White farmers face jail threat
Zimbabwe’s national security minister has told the country’s last remaining white farmers that they will be jailed if they refuse to abide by a deadline that passed over the weekend for them to leave their farms, according to a newspaper report on Monday.
The official Chronicle newspaper quoted the minister Didymus Mutasa as saying police would be “unleashed” to deal with white farmers who ignored the eviction notice.

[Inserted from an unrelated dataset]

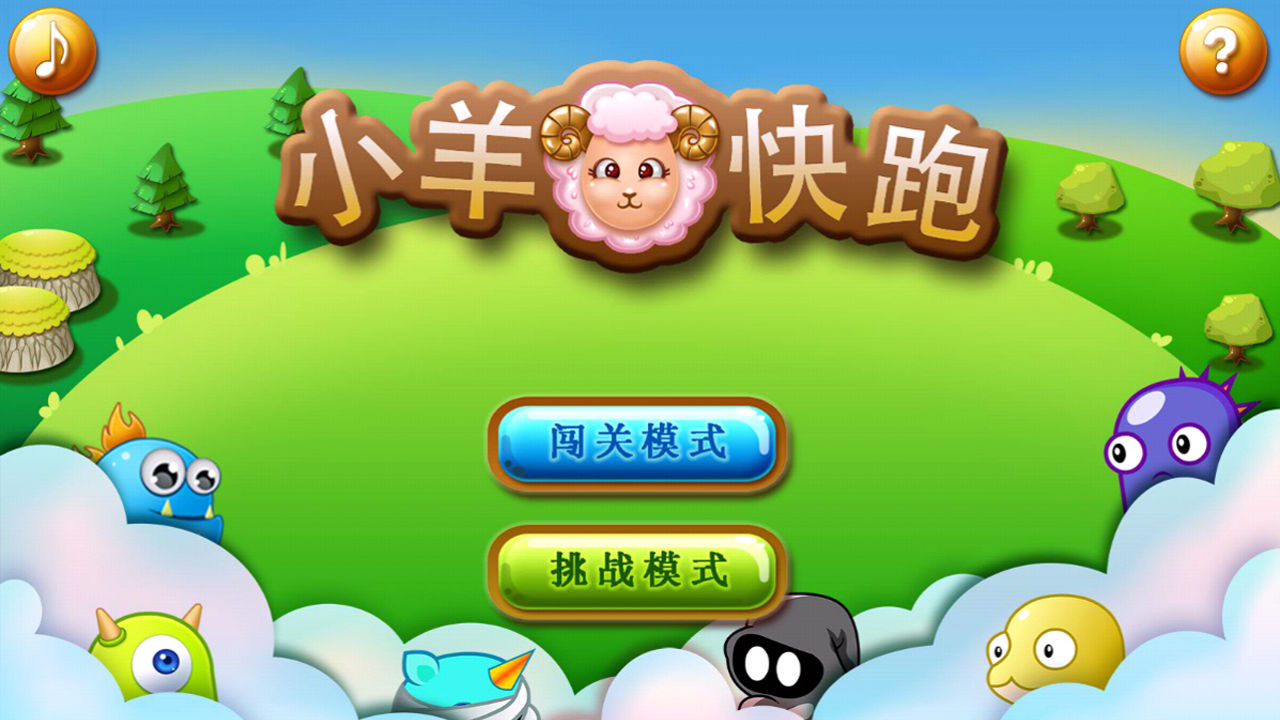 搜索破解版快快跑游戏(快破解版最新版下载安装)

“Those farmers who do not comply with the orders to vacate the land will be dealt with severely,” said the minister, known to be close to President Robert Mugabe. There were around 4,500 white commercial farmers in Zimbabwe in 2000, when Mugabe launched the program of land seizures that has seen agricultural production plummet. Now only around 400 white farmers remain – and at least 150 of them were handed eviction letters in December giving them just 45 days to leave their land to make way for new black farmers.
SAO PAULO, Brazil
Former Miss Brazil turns up in London
The former Miss Brazil, who disappeared five months ago, has contacted Brazilian police from London to say she is well and does not want to be bothered, authorities said Monday.
Taiza Thomsen, 24, had not talked to her family since September, prompting her parents to request help from authorities last month. In her last conversation with her family, she said she was in London.
The Brazilian federal police said Thomsen called investigators on Saturday to say she was in England and nothing had happened to her.
The investigators said it did not appear she was being pressured or coerced by anybody, and that they would close the case.
WINDHOEK, Namibia
China promises aid to Namibia
Chinese President Hu Jintao announced new development aid for Namibia on Monday, promising an interest-free loan and money for schools in the sparsely populated, mineral-rich desert country.
Hu, on an eight-nation tour of Africa, offered a package of measures as he paid tribute to the “brotherly friendship” shown by a “young country full of vitality and talent.”
The Namibia-China Mineral Resources Investment and Development Corp. took out a full-page advertisement in the local newspaper welcoming Hu to the country, where many hope to benefit from an influx of Chinese investment and tourists. But the mood of celebration was not universal.
Hu’s 24-hour stopover comes amid growing criticism over rising Chinese domination in Africa, its interest-free loans and its support of regimes with poor human rights records, such as Sudan and Zimbabwe.